┌────────

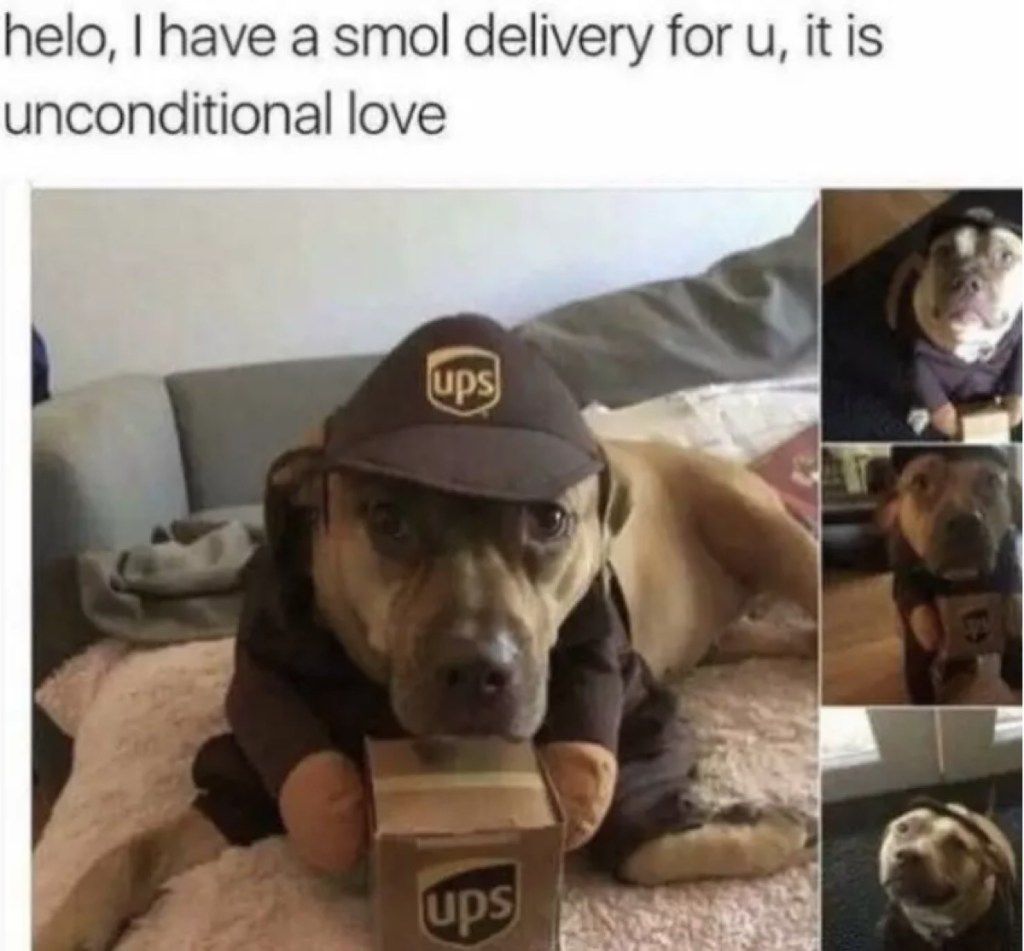 UPS teikia meilės šunų memus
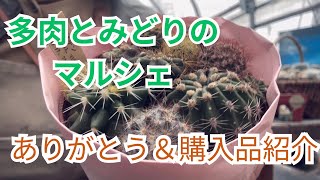 多肉ととみどりのマルシェ【ありがとう＆購入品】　#なばなの里　#多肉植物　#多肉植物生産者　#succulent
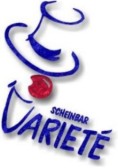Logo Scheinbar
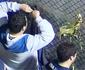 Gs de pimenta foi lanado do campo de jogo e no da arquibancada, diz imprensa argentina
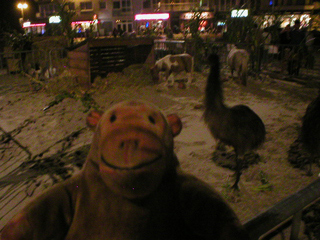Mr Monkey looking at a menagerie near the Westende Casino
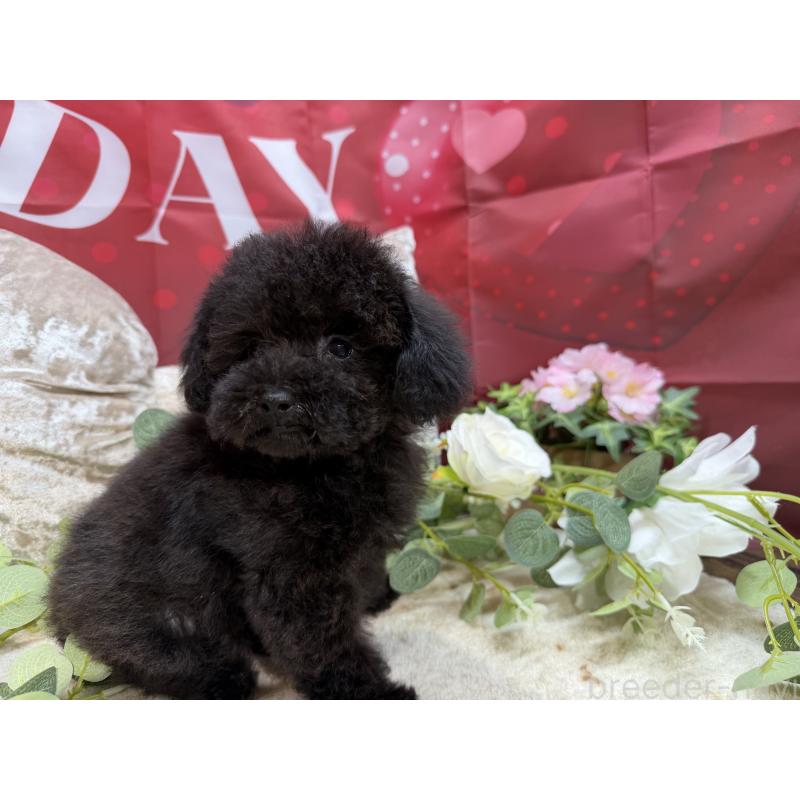 販売中の埼玉県のタイニープードル-420872の8枚目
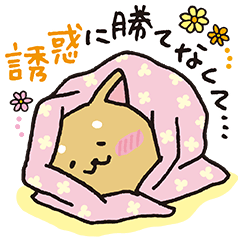 いいわけん3 たっぷり言い訳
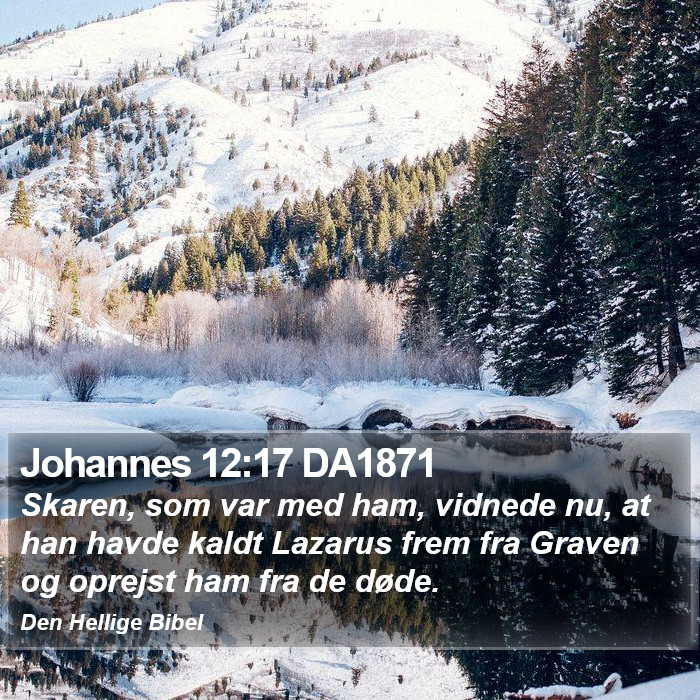 Johannes 12:17 DA1871 Bible Study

└────────

Without including any pictures, return every line of the records exactly.

* [Output for this task]:
 UPS teikia meilės šunų memus
 多肉ととみどりのマルシェ【ありがとう＆購入品】　#なばなの里　#多肉植物　#多肉植物生産者　#succulent
Logo Scheinbar
 Gs de pimenta foi lanado do campo de jogo e no da arquibancada, diz imprensa argentina
Mr Monkey looking at a menagerie near the Westende Casino
 販売中の埼玉県のタイニープードル-420872の8枚目
 いいわけん3 たっぷり言い訳
 Johannes 12:17 DA1871 Bible Study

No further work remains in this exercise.